Supplied entries:
■ ■ ■ ■ ■

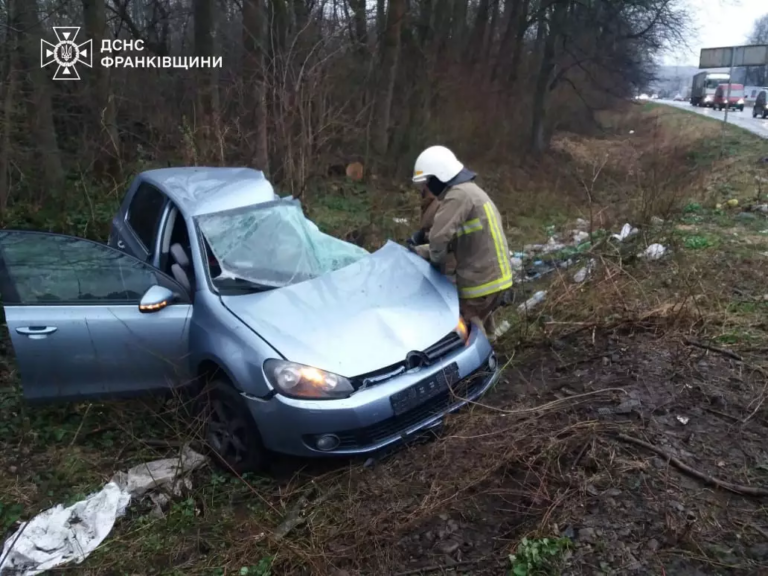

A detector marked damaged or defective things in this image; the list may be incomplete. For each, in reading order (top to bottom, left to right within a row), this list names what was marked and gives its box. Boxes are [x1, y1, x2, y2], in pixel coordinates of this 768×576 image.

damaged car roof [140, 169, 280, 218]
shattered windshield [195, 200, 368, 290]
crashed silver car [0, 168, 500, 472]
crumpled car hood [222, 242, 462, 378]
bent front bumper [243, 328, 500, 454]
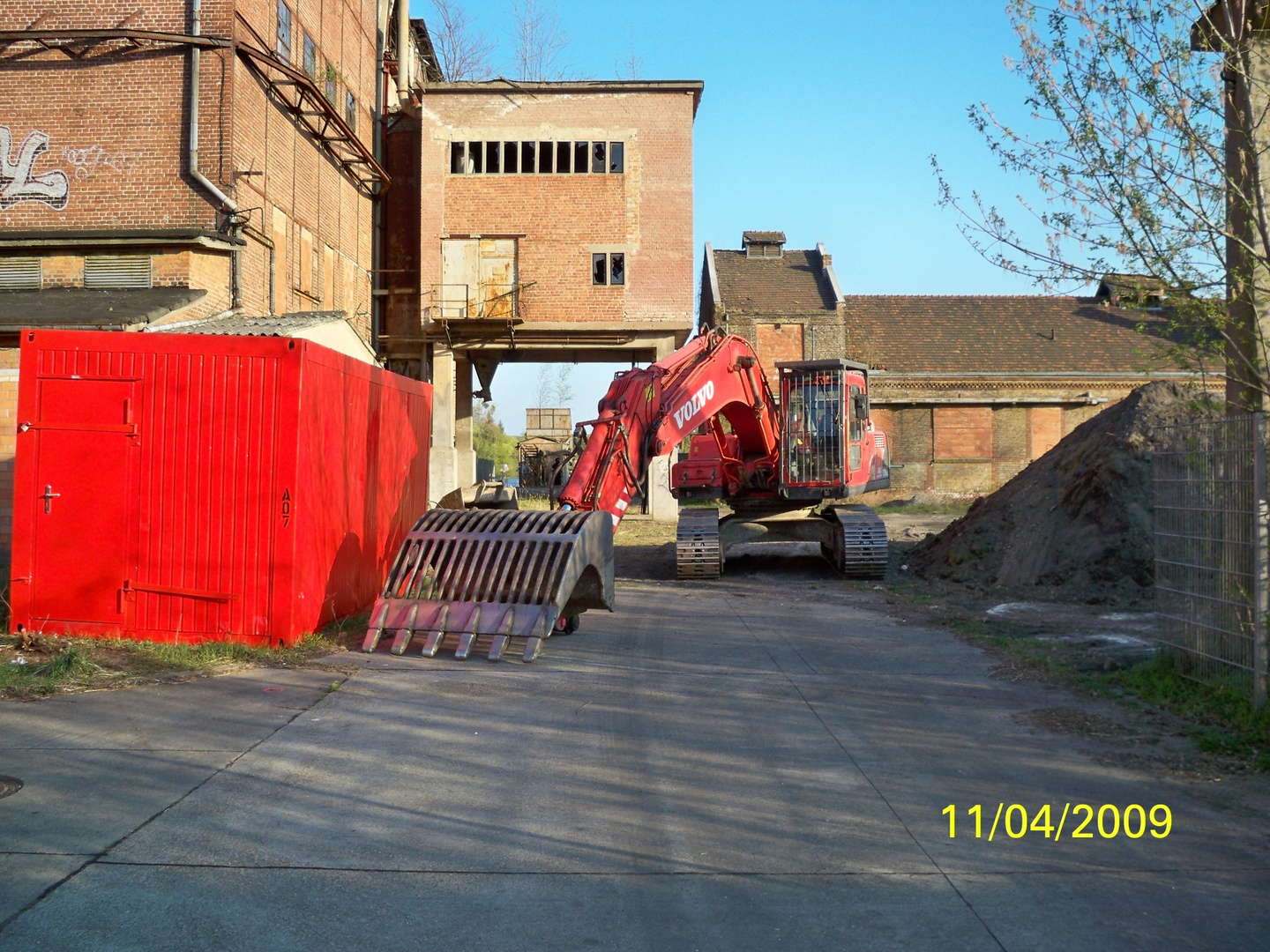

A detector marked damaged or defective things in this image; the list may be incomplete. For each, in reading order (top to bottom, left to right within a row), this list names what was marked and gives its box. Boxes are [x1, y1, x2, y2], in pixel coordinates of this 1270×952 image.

■ ■ ■ ■ ■

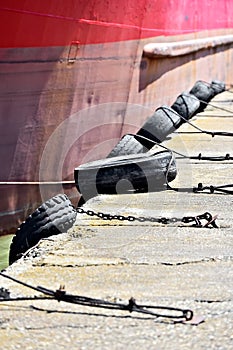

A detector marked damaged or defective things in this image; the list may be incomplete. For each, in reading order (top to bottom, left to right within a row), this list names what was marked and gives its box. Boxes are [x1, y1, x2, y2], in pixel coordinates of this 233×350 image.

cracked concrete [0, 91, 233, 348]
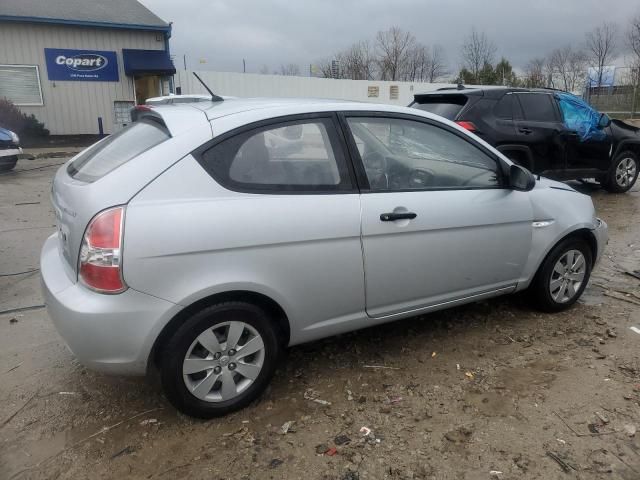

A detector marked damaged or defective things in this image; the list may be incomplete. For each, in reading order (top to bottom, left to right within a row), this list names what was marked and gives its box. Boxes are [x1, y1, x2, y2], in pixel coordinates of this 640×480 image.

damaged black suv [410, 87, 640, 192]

■ ■ ■ ■ ■

What is required: What you write must match the listing exactly, from the line with "this 768×576 image." up to and including the line with "this 1270×952 image.". Pictures stay out.

Written answer:
A detector marked damaged or defective things in this image; the list may be incomplete. For each, in reading order (top to bottom, left to right within a row), this list names what was marked and gives its box. Boxes are [x1, y1, x2, y2], in pixel coordinates of this 768×576 image.

damaged car roof [140, 169, 280, 218]
shattered windshield [195, 200, 368, 290]
crashed silver car [0, 168, 500, 472]
crumpled car hood [222, 242, 462, 378]
bent front bumper [243, 328, 500, 454]

A detector marked damaged or defective things in this image; the list may be incomplete. For each, in reading order (top to bottom, left to right within a row), this list names what was marked and gives its box. Boxes are [x1, y1, x2, y2], in pixel coordinates of this 1270×952 image.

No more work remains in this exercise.